La anciana comenzó a llorar, y caminando lo más rápido que sus hinchadas piernas le permitían, se salió del banco. Mauricio le picó el ojo a Laura, acompañado de una tocada de su muslo superior. Ambos rieron. Sonó la maquina de leds, finalmente mostraba el número 503.

Una paca de billetes de cien ya se escondía en el bolsillo del jean de Mauricio, formando un pequeño bulto cuadrado.

─Llévanos al Motel Gardenia, mi pana ─ordenaba Mauricio al taxista.

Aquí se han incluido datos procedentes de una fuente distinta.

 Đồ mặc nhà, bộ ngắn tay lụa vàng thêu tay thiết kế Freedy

Laura iba con la mano izquierda en el interior del jean de Mauricio, jugaba con sus testículos, como si fuesen bolas chinas para matar el estrés. Se besaban también. Un aliento descuidado ofrecía Laura, de repente acompañado por ráfagas sutiles de olor a basura que provenían de su delicado cuerpo. Para Mauricio estos detalles no eran más que trivialidades; hasta con una indigente se acostó una vez en la acera contigua a su tasca favorita. “Te doy cuca por cinco bolívares”, le dijo la sucia vagabunda. “Te doy diez y me lo mamas también”, ésa fue la excelente negociación que hizo Mauricio.

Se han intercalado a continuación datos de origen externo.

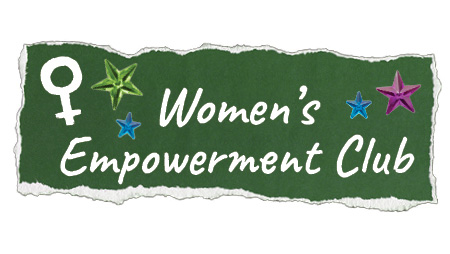 Text women's empowerment club with stars and female circle above cross symbol in background.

Mauricio le pasaba llave a la puerta de la habitación asignada. Tiró la ropa a un rincón, liberó a su pene por completo. Lo tomó con su mano derecha, lo sobó, lo invitó a aclimatarse al lugar y dirigió su glande a la futura presa, a fin de establecer contacto visual con su único ojo central. Laura estaba echada en la cama, esperando por comenzar su jornada laboral del día.

─¿Qué me incluye lo que cobras? ─preguntó Mauricio.

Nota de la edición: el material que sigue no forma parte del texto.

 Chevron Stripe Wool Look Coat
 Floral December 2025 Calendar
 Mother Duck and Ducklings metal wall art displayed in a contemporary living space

─Una hora de sexo. No incluye golpes ni anal. Tampoco te sale mamerto.

─¿Tú me estás jodiendo?

─No. Si quieres más, la tarifa aumenta.

─Ok, está bien, tú pones las reglas.

Mauricio se puso un condón que compró en la recepción, para luego incorporarse a la cama, arrastrando su mano con delicadeza, desde el pie derecho hasta la cintura de Laura. Le quitó la minifalda, luego la sucia blusa que aún olía a aquellos perros del mediodía. Comenzó a acariciar sus senos mientras besaba el cuello. Laura cerró sus ojos, recibiendo con poca lubricación la penetración. Mauricio subió su mano a la mejilla de Laura, haciendo pequeñas cosquillas a ésta. Introdujo el dedo índice en su boca, luego comenzó a pasar su lengua por la oreja de Laura, soltando algo de aire caliente en el oído. Laura disfrutaba esto y sonreía.

─¿Tú de verdad crees que eres la que pone las reglas? ─susurró en el oído a Laura.

Laura abrió los ojos y sólo logró ver cómo un puño sólido construido por la mano pesada de Mauricio se estrellaba en toda su boca. Soltó un grito que fue abortado en el acto por una lluvia de golpes que le caían de ambas manos de Mauricio.

─¿Tú piensas que eres la primera putica que agarro? ¡Pendejita de mierda! Vengo de una cogida que me dieron un poco de chavistas, ¡así que te cojo por donde me dé la regaladísima gana, puta zarrapastrosa!

Mauricio no se detenía, y ya con sus manos un poco rotas por los golpes estrellados contra los dientes de Laura, decidió agarrar la almohada, colocarla encima de la cara de Laura y luego él añadir sus 103 kilos encima, de rodillas.

─Jajaja, ya muerta no eres tan arisca, ¿no?

Mauricio le pasó la sábana por la cara, intentando retirar la sangre que había dejado la golpiza que reventó sus labios y nariz por completo. Se quitó el condón y se puso en cuclillas, con el rostro destrozado de Laura en el medio. Le abrió la boca y metió su pene en ella.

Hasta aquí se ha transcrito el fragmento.